The following is a reflection on Week 5 of the Educational Research Design module using Gibbs Reflective Cycle.
Today we discussed quantitative methods which focuses on variables that can be measured. It is numerical, countable data which can be nominal (no numerical valuable but countable e.g. gender), ordinal (ranking order not equal/numerical differences e.g. tall, taller, tallest) and scale (equal interval, can be added or subtracted e.g. height, weight).
Quantitative data can be collected in the following ways:
Primary Research (research you do)
- Structured observations (checklists, rating scales)
Secondary Research (other peoples research)
- CSO data
- Web analytics
- System analytics
- Institutional data, records (with permission)
(from class notes)
Quantitative is a better approach to obtain objective information and generally answers broad ‘what’ research questions.
Today was very informative and despite being drawn to the more qualitative approach it was good to learn about questionnaires as I may be using this method in my own research. We were told not to use the word significant and use noteworthy instead.
A very informative session with good practical examples given to simplify the terminology. The practical exercises on evaluating questionnaires were very beneficial and on reflection I will need to ensure that my questions are clear and concise while being related to the research.
We were given extracts from versions of questionnaires from the book Doing Educational Research by Opie, 2004. As I will probably be using this as one of my methods it really identified the importance of your questions and piloting questionnaires. Simple things that were omitted from one of the versions was the simple fact of allowing enough space for participants to answer questions. I also believe in first impressions and feel that the overall layout is also important. Questions or words that can be ambiguous.
An example of a question that could be worded more appropriately – How were you taught spelling at your primary school?
The problems with this question are 1) too open 2) relying on someone’s memory from a long time ago 3) should offer options.

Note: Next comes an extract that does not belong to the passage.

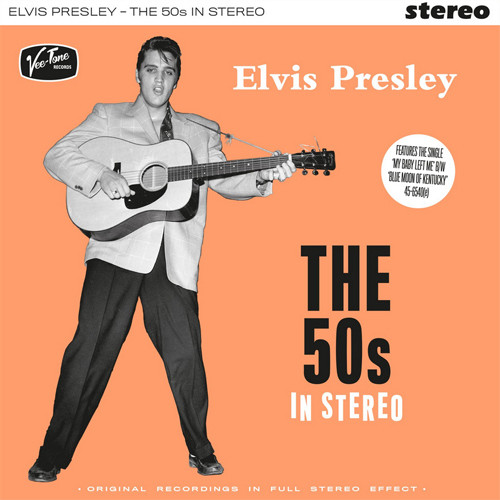 Elvis Presley The 50s In Stereo Numbered Limited Edition LP (Orange Vinyl)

We were told that we should keep all open questions together. However, when I did my last questionnaire I was told that you should mix your questions. I used Survey Monkey at the time and was told that if the participant clicks on the first page and sees lots of open questions it can demotivate them from completing the questionnaire. This is something I must give serious consideration to if I will use a questionnaire.
My own research will predominately be associated with qualitative but if I do utilise a questionnaire I will have to invest time ensuring that the questions are clear, concise and relevant to the research questions. Furthermore, piloting the questionnaire will be paramount.
To continue reading and start working on my proposal. When designing my questionnaire it would be beneficial to read work by Opie (2004) and Cohen et al (2013). Next week will be interesting as we will be discussing qualitative methods which will form a large part of my research methods. We also have a paper to critically analyse for next weeks class.
Cohen, L., Manion, L., & Morrison, K. (2013). Research methods in education. Routledge.
Opie, C., & Sikes, P. J. (2004). Doing educational research. Sage.